GitLab Modular Monolith
This page contains information related to upcoming products, features, and functionality.
It is important to note that the information presented is for informational purposes only.
Please do not rely on this information for purchasing or planning purposes.
The development, release, and timing of any products, features, or functionality may be
subject to change or delay and remain at the sole discretion of GitLab Inc.
Summary
The main GitLab Rails
project has been implemented as a large monolithic application, using
Ruby on Rails framework. It has over 2.2 million
lines of Ruby code and hundreds of engineers contributing to it every day.
The application has been growing in complexity for more than a decade. The
monolithic architecture has served us well during this time, making it possible
to keep high development velocity and great engineering productivity.

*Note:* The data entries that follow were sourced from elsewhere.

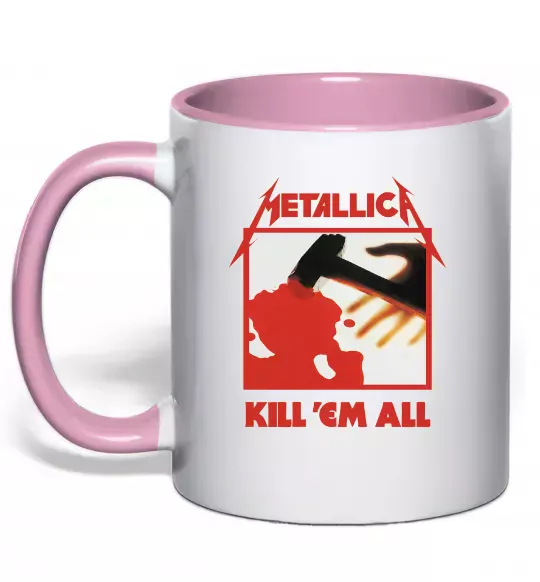 Чашка с цветной ручкой Металіка Kill em all Нежно розовый фото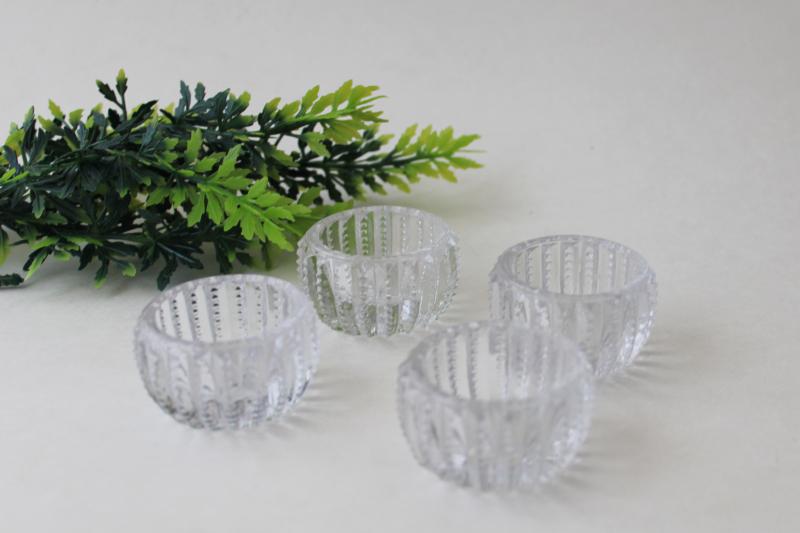 photo of vintage pressed glass salt cellars, individual salts salt dip dishes zipper pattern #1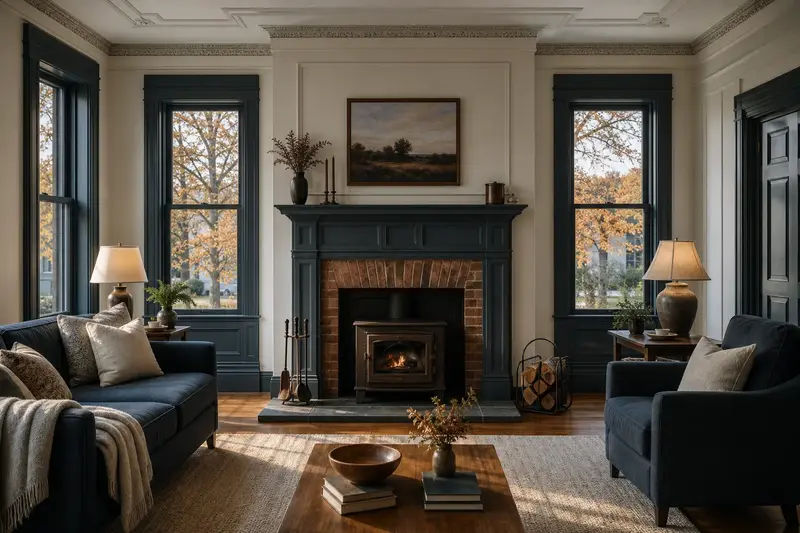 A tidy hearth room with a wood-burning insert in a brick opening, a cleared hearth, fireplace tools and split firewood; illustrative image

Even though we strive for having an approachable open-core architecture
we need to strengthen the boundaries between domains to retain velocity and
increase development predictability.
As we grow as an engineering organization, we want to explore a slightly
different, but related, architectural paradigm:
a modular monolith design,
while still using a monolithic architecture
with satellite services.
This should allow us to increase engineering efficiency, reduce the cognitive
load, and eventually decouple internal components to the extend that will allow
us to deploy and run them separately if needed.
Motivation
Working with a large and tightly coupled monolithic application is challenging:
Engineering:
- Onboarding engineers takes time. It takes a while before engineers feel
productive due to the size of the context and the amount of coupling.
- We need to use
CODEOWNERS
file feature for several domains but
these rules are complex.
- It is difficult for engineers to build a mental map of the application due to its size.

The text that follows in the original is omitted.